__Requirement__
Nothing in the records may be altered, and no picture may be included. Restate them in full.

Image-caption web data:
----

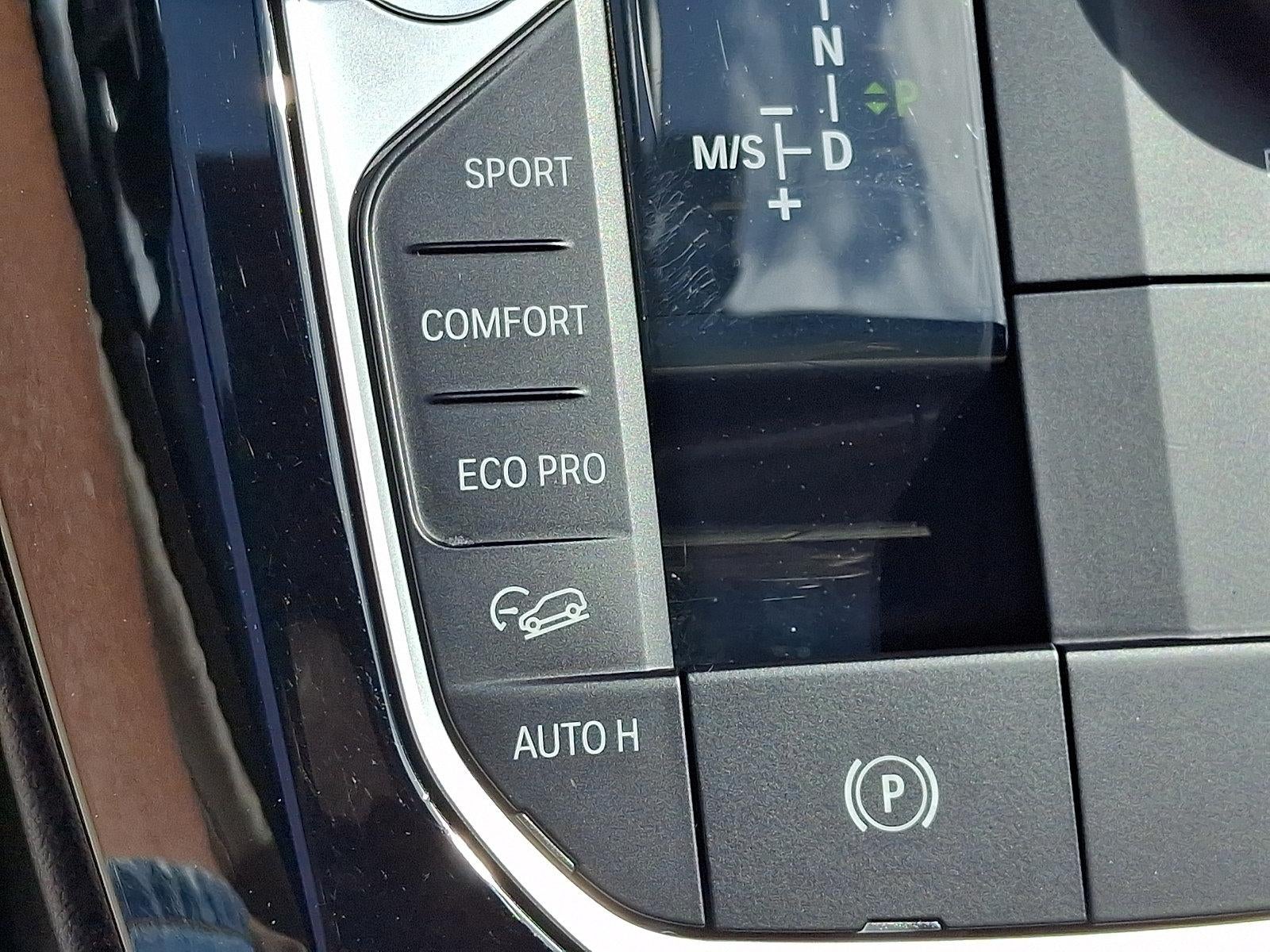 2023 BMW X3 M40i Sports Activity Vehicle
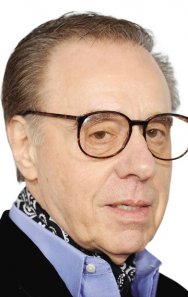 Peter Bogdanovich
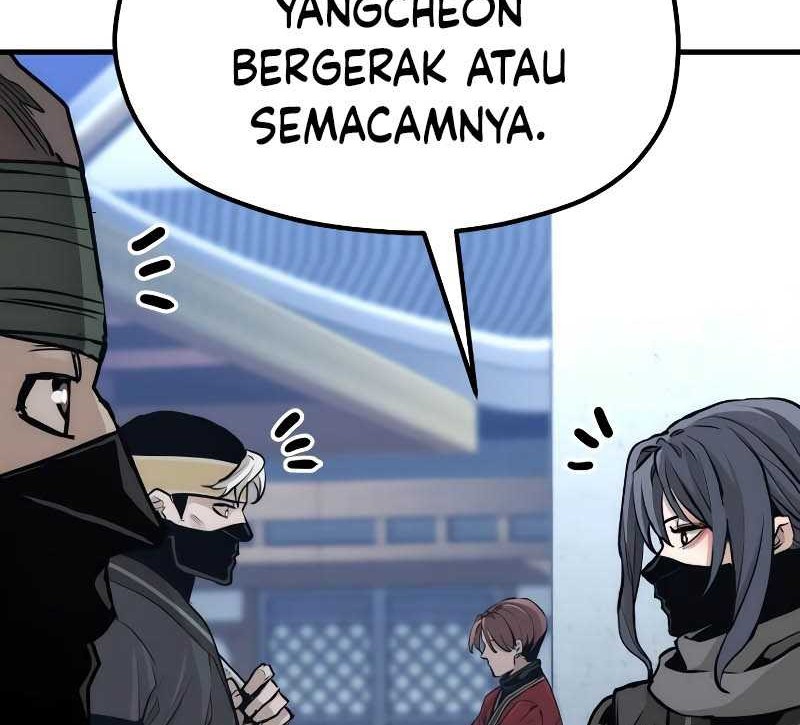Heavenly Demon Cultivation Simulation chapter 60 halaman 97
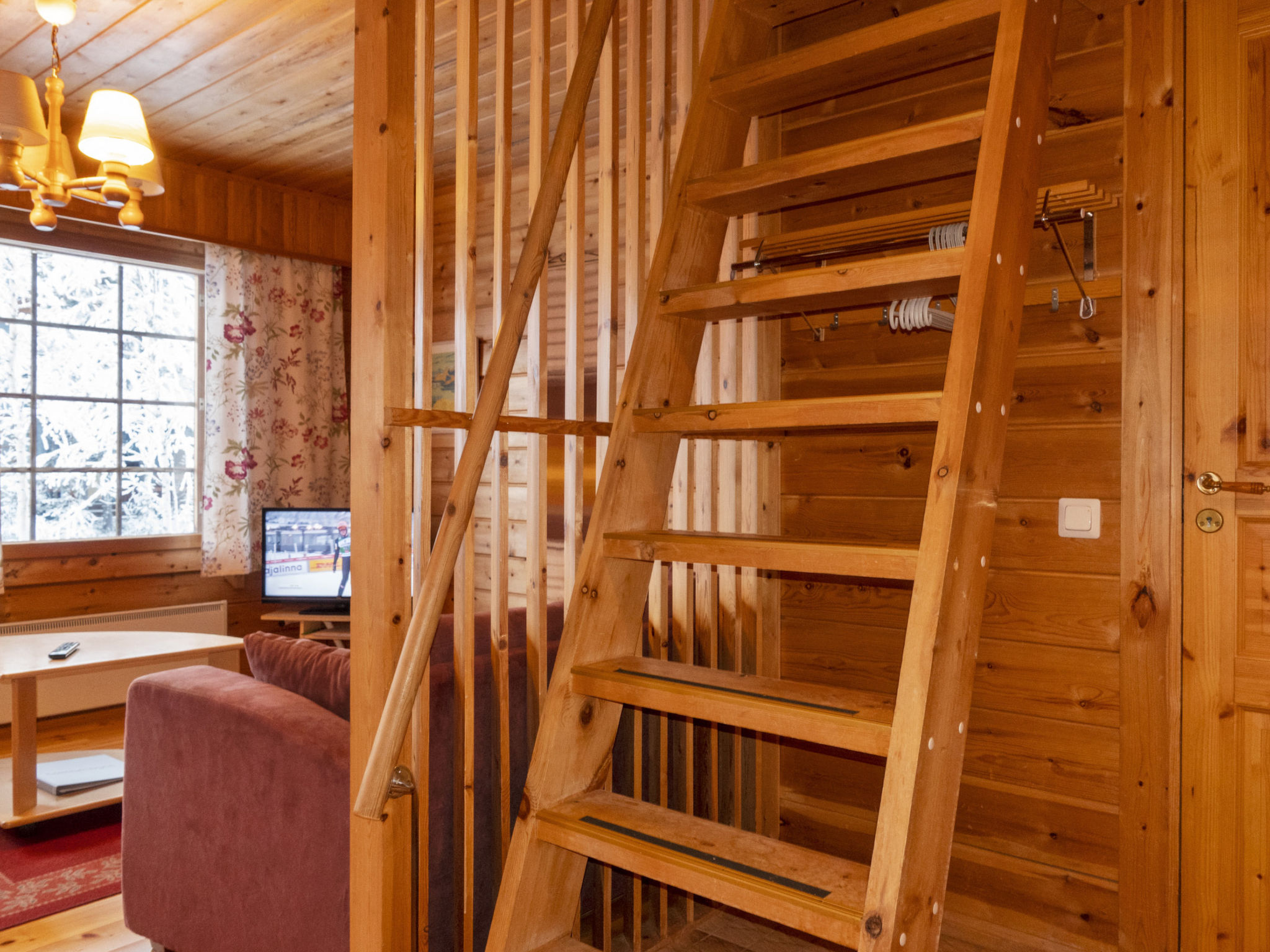 Appartement Susitupa 6 – Intérieur, photo 8 sur 36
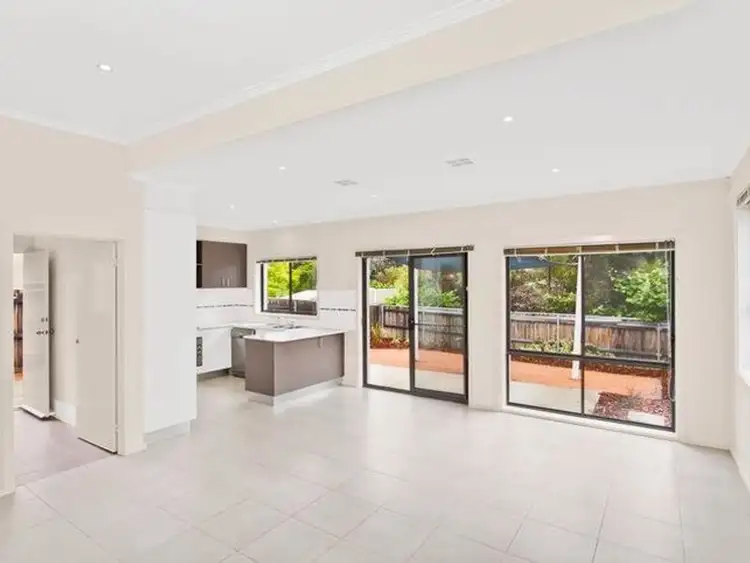Second view of Homely house listing, 45 Bandjalong Crescent, Aranda ACT 2614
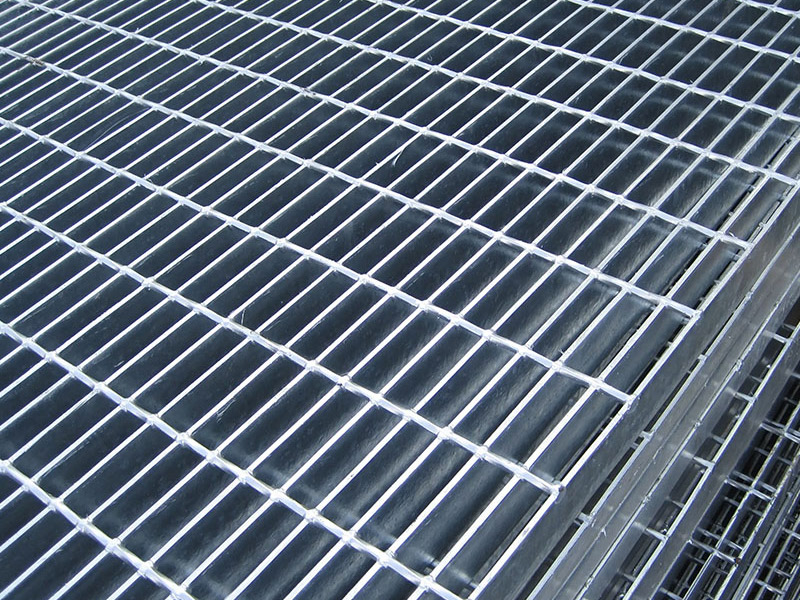 靖邊縣密型鋼格板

----

__Answer space__
 2023 BMW X3 M40i Sports Activity Vehicle
 Peter Bogdanovich
Heavenly Demon Cultivation Simulation chapter 60 halaman 97
 Appartement Susitupa 6 – Intérieur, photo 8 sur 36
Second view of Homely house listing, 45 Bandjalong Crescent, Aranda ACT 2614
 靖邊縣密型鋼格板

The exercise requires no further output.